Requirement
Below is a block of entries; repeat exactly the lines starting at the line that contains "DORCEV Ombre Purple" and ending at the line that contains "All American Girl", both included.

Records supplied START

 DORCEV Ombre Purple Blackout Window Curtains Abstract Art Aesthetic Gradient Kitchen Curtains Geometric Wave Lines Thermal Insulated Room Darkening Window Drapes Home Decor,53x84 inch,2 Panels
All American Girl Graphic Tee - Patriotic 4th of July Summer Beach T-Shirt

Records supplied END
Records supplied START

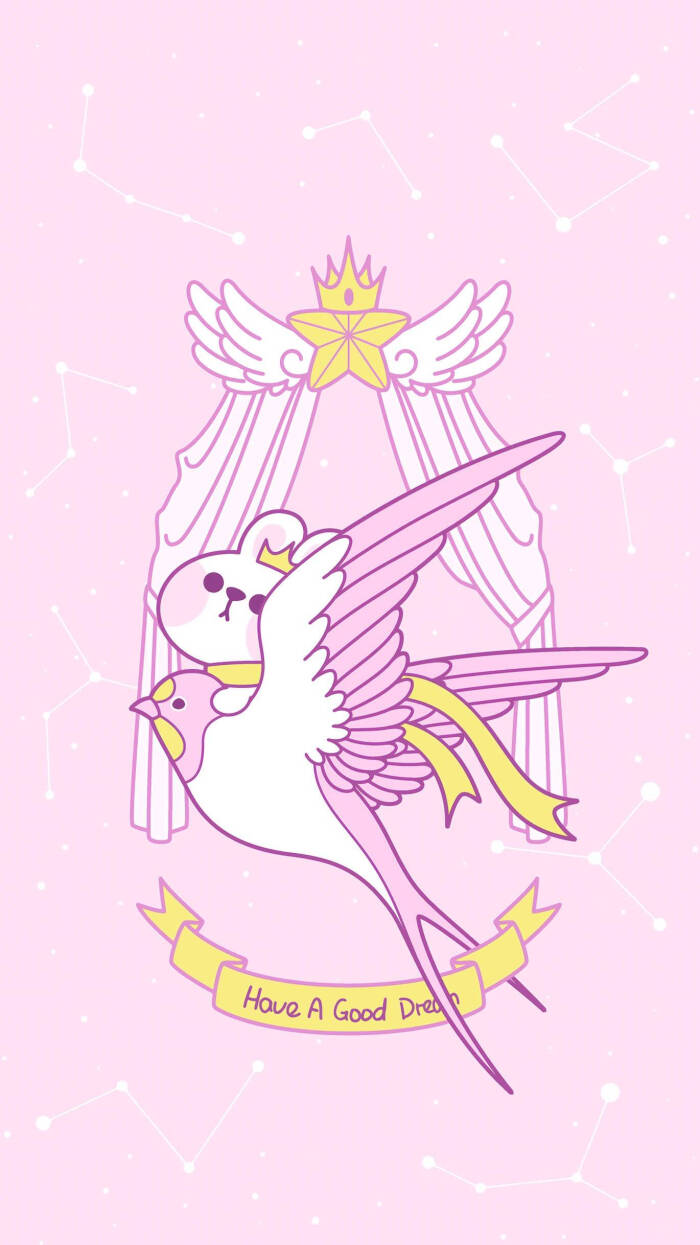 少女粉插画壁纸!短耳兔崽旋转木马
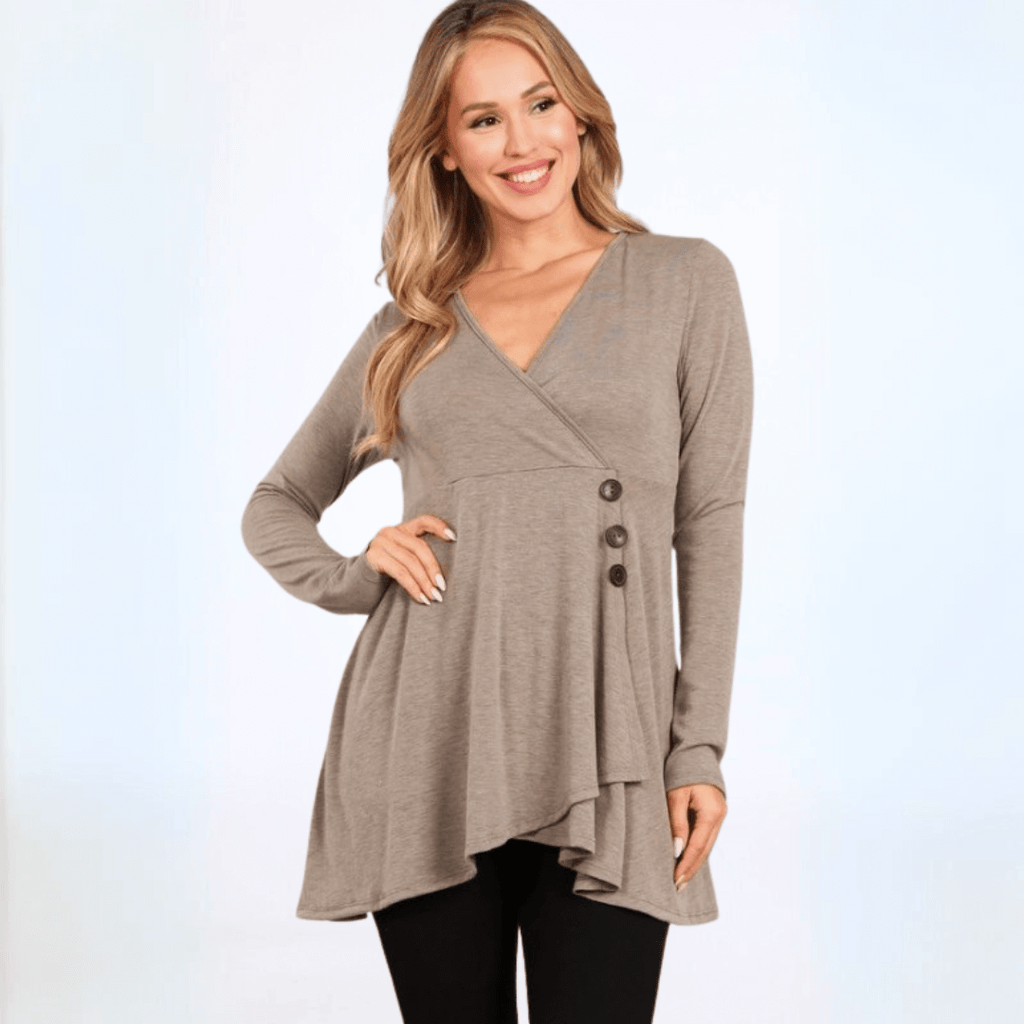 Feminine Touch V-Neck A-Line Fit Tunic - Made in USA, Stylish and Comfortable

Records supplied END

Task output
 DORCEV Ombre Purple Blackout Window Curtains Abstract Art Aesthetic Gradient Kitchen Curtains Geometric Wave Lines Thermal Insulated Room Darkening Window Drapes Home Decor,53x84 inch,2 Panels
All American Girl Graphic Tee - Patriotic 4th of July Summer Beach T-Shirt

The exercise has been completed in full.